● **Records supplied**:
────────────────

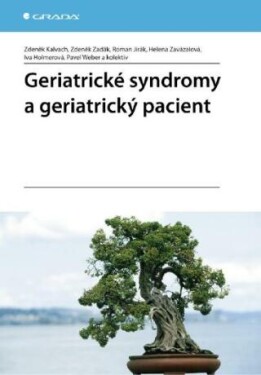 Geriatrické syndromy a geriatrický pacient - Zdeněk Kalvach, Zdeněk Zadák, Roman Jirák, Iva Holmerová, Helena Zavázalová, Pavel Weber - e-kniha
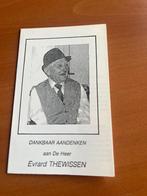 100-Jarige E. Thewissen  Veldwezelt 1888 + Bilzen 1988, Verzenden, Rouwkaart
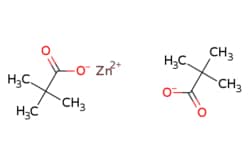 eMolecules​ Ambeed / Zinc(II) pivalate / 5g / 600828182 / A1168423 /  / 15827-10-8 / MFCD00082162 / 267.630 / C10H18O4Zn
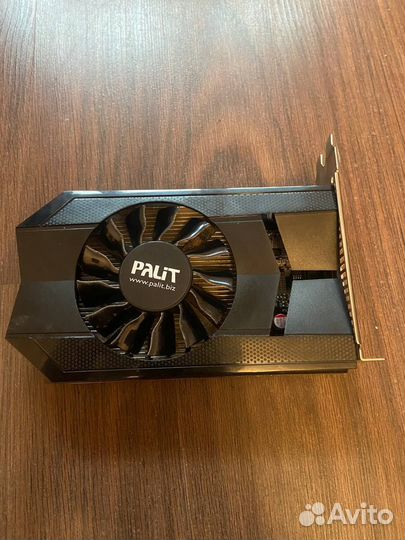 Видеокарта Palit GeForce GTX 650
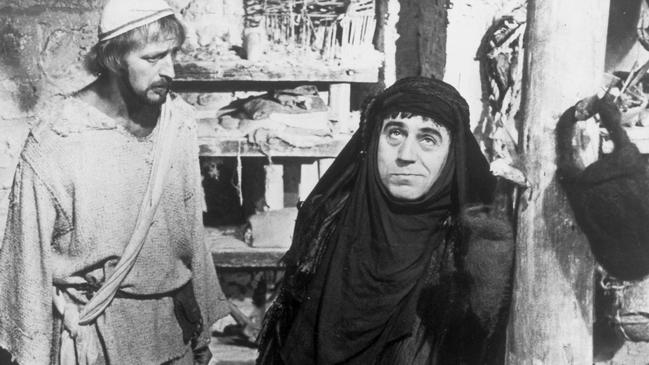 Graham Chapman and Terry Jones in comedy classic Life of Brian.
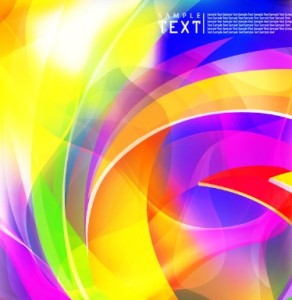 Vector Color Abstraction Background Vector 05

────────────────

● **What you should do**:
Omit the pictures and return exactly the lines from the line containing "eMolecules​ Ambeed / Zinc(II)" through the final line of the material above, both ends included.

● **Your response**:
 eMolecules​ Ambeed / Zinc(II) pivalate / 5g / 600828182 / A1168423 /  / 15827-10-8 / MFCD00082162 / 267.630 / C10H18O4Zn
 Видеокарта Palit GeForce GTX 650
 Graham Chapman and Terry Jones in comedy classic Life of Brian.
 Vector Color Abstraction Background Vector 05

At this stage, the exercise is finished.